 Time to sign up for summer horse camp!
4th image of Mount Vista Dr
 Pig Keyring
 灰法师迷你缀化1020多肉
---
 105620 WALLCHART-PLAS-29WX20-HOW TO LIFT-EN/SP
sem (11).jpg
---
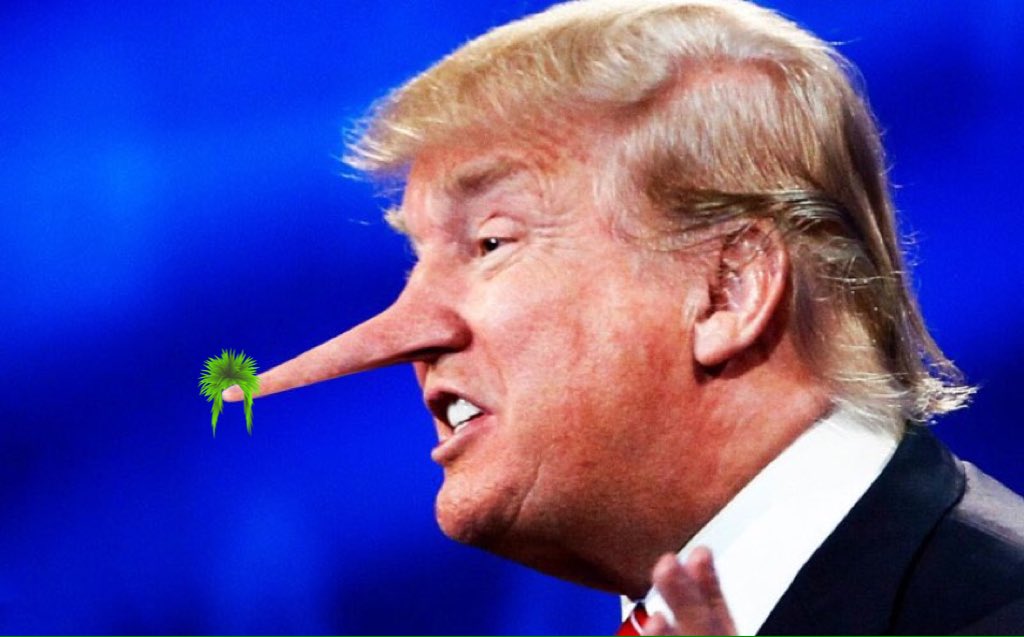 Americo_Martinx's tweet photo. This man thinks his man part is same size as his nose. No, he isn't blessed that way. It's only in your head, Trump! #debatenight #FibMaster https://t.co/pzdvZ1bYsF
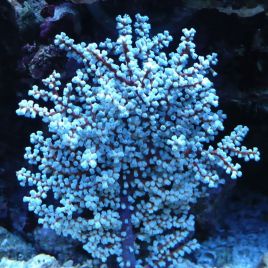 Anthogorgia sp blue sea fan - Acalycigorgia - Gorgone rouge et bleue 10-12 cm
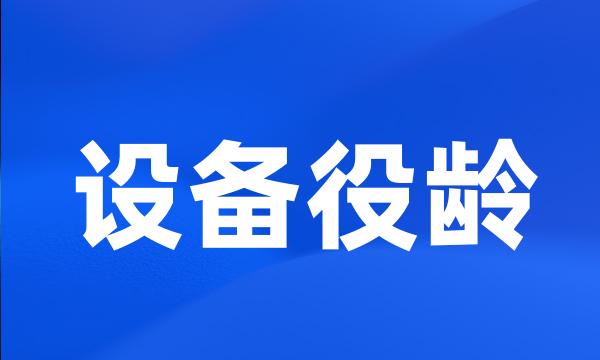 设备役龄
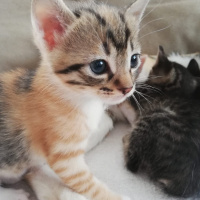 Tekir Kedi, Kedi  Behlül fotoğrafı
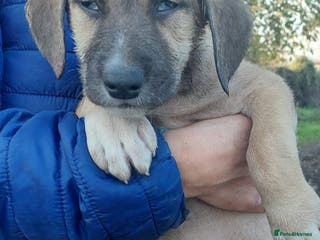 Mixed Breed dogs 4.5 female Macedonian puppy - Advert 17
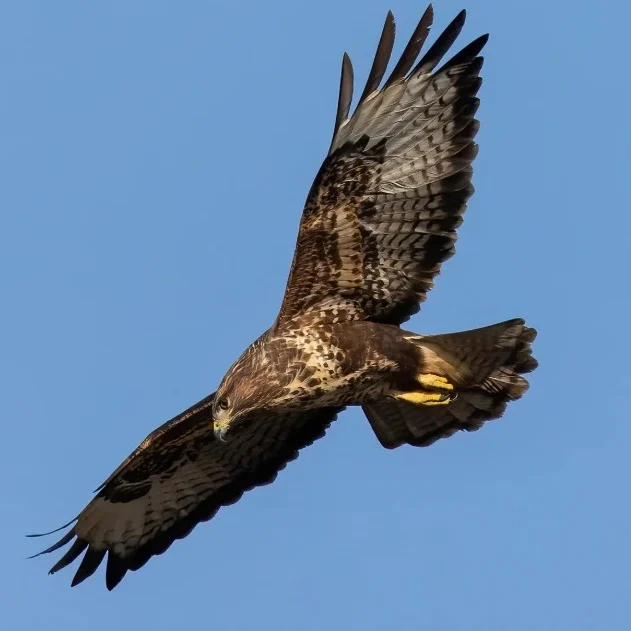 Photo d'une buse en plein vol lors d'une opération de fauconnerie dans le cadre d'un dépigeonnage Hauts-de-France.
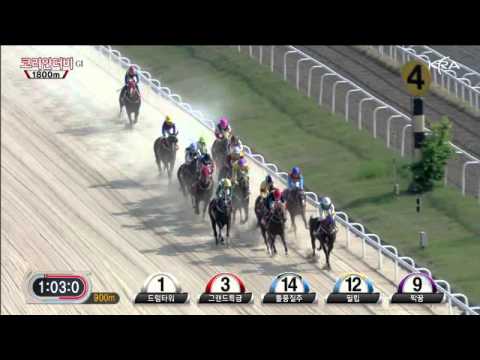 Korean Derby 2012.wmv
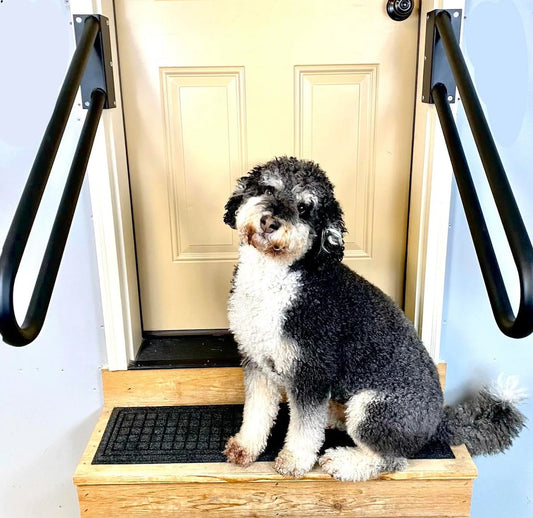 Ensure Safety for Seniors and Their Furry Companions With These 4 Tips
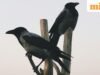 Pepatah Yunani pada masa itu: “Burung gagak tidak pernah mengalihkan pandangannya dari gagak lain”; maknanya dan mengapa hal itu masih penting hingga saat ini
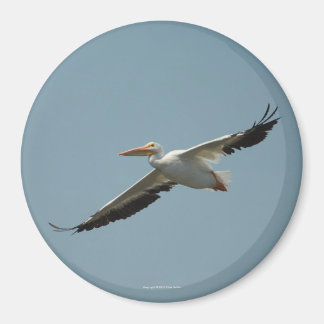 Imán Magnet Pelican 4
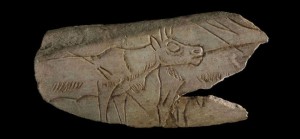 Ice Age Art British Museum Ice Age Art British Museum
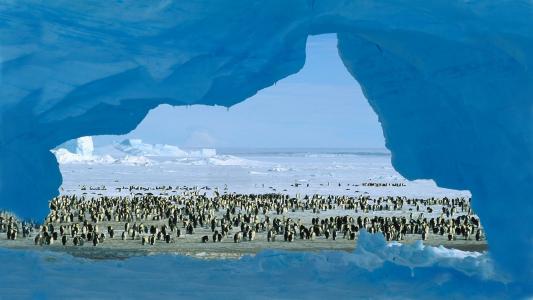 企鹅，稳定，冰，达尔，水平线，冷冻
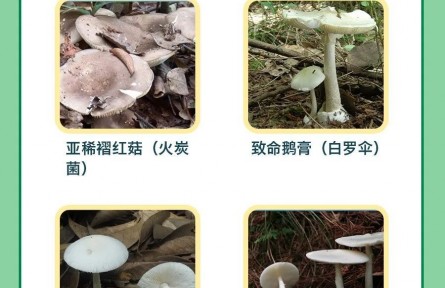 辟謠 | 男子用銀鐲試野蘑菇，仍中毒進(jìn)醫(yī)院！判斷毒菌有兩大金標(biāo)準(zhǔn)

> _The problem_:
In the records above, find the line with "Americo_Martinx's tweet photo." and the line with "Tekir Kedi, Kedi"; please transcribe exactly those two lines and all lines between them, omitting any picture.

> _Answer space_:
 Americo_Martinx's tweet photo. This man thinks his man part is same size as his nose. No, he isn't blessed that way. It's only in your head, Trump! #debatenight #FibMaster https://t.co/pzdvZ1bYsF
 Anthogorgia sp blue sea fan - Acalycigorgia - Gorgone rouge et bleue 10-12 cm
 设备役龄
 Tekir Kedi, Kedi  Behlül fotoğrafı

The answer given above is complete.